The following has been transcribed (with minimal edits for clarity and format) from hand-written letters by our correspondent “Leather,” who is currently serving a sentence in the Orleans Justice Center—a.k.a. Orleans Parish Prison, or OPP—for charges related to a family dispute, subsequent warrants, and the labyrinthian carceral state in general.
“I Can’t Breathe”
Damn when will this brutality end? The killin’ of young black men is out of control. Seems like we’ve been gettin unjustly killed since Emmett Till and nothing has changed since then. It’s only that now because of technology we see first hand what black men have witnessed for centuries.
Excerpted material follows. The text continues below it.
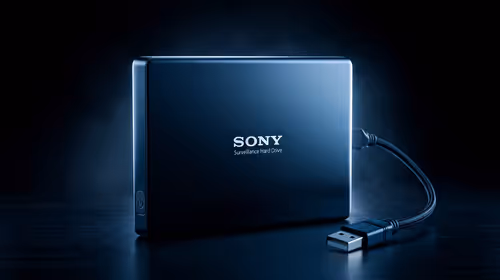 MTBF Explained: Choosing the Right Surveillance Hard Drive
The world seemed shocked when the media showed the beating of Rodney King, something that thousands of blacks in inner cities across America have endured in every black neighborhood, but couldn’t say anything because of retaliation by police officers, black and white, where they lived. Now another black man—I’m sorry I can’t just say a man, I have to emphasize a black man—killed in the street, on camera begging for his life. Even the people around ask to let him breathe. Aren’t they supposed to be trained? Now look at all the extra problems this has caused: protest, arrest, looting, burning of buildings, total chaos around the world. We were trying to overcome the coronavirus, and now this. There went social distancing.
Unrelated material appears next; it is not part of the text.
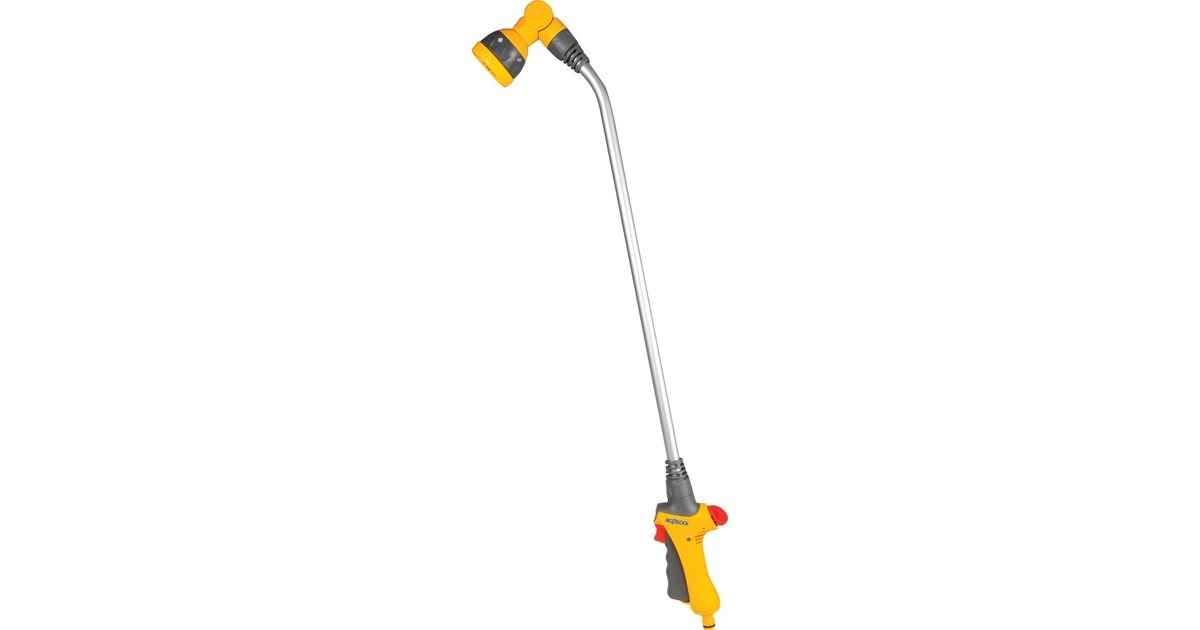 Hozelock2697 Lanssproeier Plus 90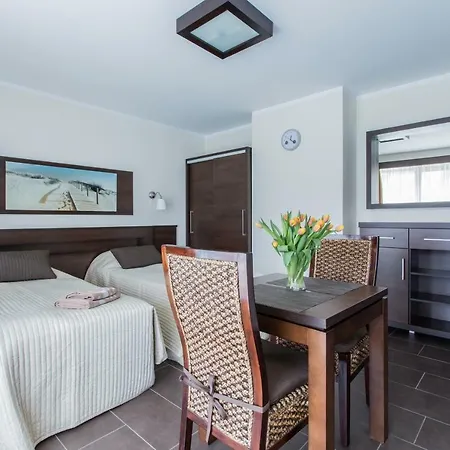Nova 34a Privat bolig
But I myself really don’t care. Should we be tired of peaceful demonstrations? They say it’s crazy, we would vandalize our own neighborhoods. We live in these neighborhoods [but] most of the shops are owned by Asians and Arabs (no offense). In New Orleans most of the black neighborhoods have been bought by young white yuppies, even the Treme area which is the oldest black neighborhood in the country, but is owned by predominantly whites. And a lot of this is a result of police brutality because post-Katrina, the Treme was drug infested, low rent houses, ragged streets, and known for having a high rate of slum lords. But in just a few years it was turned around. Police began to harass the people, arrest at high rates, and then they began their gentrifying phase. This is why we can’t let George Floyd’s murder or murderers go unrecognized. All we want is justice in this matter, [the murderers] charged properly, booked under those charges, and not given any more privileges than any other cold blooded murderer, because that’s just what he is, nothing less. We are tired of seeing young black men getting killed and their killers walking away with a slap on the wrist or less. This has got to stop or it’s gonna end up bad, really bad. And what saddens me is if the races were reversed it would be a different outcome.
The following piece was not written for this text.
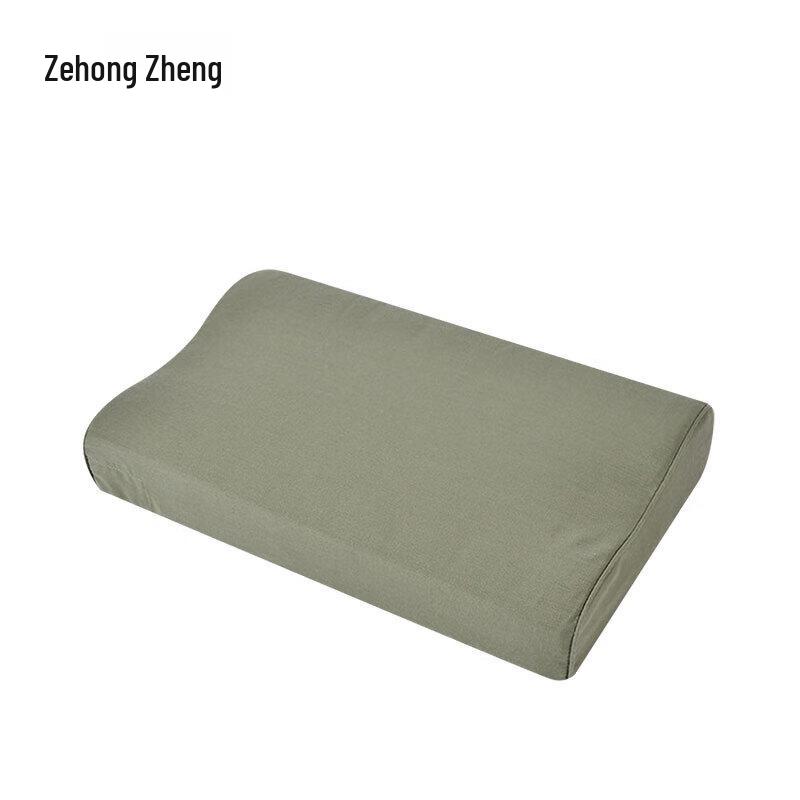 Zehongzheng Internal Affairs Fixed-Shape Pillow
Definition: Breathe (brêth)
- To live 2. To rest
Rest George Floyd, Rest
The saddest words I ever heard spoken: “I CAN’T BREATHE.” That very moment felt like the world stood still, and a little piece of me died. I then realized what my ancestors went through for me, and like all the great men before him George Floyd went through this for our future generations: black, white, and every other race. So I ask you, how did it make you feel seeing George Floyd get killed?
22 year-old Black Male
Police brutality is wrong. I believe that the white man should understand that the way he had his knee on George Floyd’s neck was messed up and that was not right. He deserves to have a life sentence for that. I don’t understand why people who are police take advantage of they authority. We have the right to protest about our rights. And also we deserve the same respect. BLACK LIVES MATTER.
33 year-old Black Male
(Can’t we just get along) Man where do I start? First off I feel that they were way out of line putting they knee on that man neck like that. I say they cause the other three just stood there as nothing was going on. Cop or not they should interfere cause it was plain ol wrong, what leads me to my next feeling: What is America coming to? That could have been my dad, brother, uncle, friend, last but not least, ME! Smh if this don’t bring us together as a whole nothing will… RIP George Floyd. My heart goes out to the Floyd family. You have my deepest sympathy.
35 year-old White Male
I’m 35 years old and out of my 17 years as an adult I’ve spent a good half of that behind bars. I’ve had 8 major felony arrests and was convicted on four. So I’ve had my run ins with the law. Good cops and dirty cops. When I saw on the news about what happened to George Floyd it really hit home, because that could of been me several different times. But finally after hundreds of years of slavery and racism the world finally woke up with a voice and George Floyd didn’t die in vain. And I pray that this is only the beginning. [ANTIGRAVITY editors were saddened to learn that this inmate, Christian Freeman, collapsed and died while incarcerated on June 25.]
26 year-old Black Male
Police jobs supposed to protect and serve? Why is there still racial profiling? It took for George Floyd, another black man, to lose his life to police brutality for it to be seen that it still goes on around the world… Police look at all us black men as suspects! Which makes them enforce they power on a black man. Why?
38 year-old Black Male
I ask myself if we are so strong as a people why do we have to put up with the same thing for years? I think that it is time for us to step up and let them know that we have pride and rights in America because we are all human and that’s how they need to treat us, no other way but fair. Because that’s the right thing to do. It makes me sad to know that we can’t come together as One. And to think I have a little girl to raise in this world. I wish peace and joy to our world. I’m praying for everyone.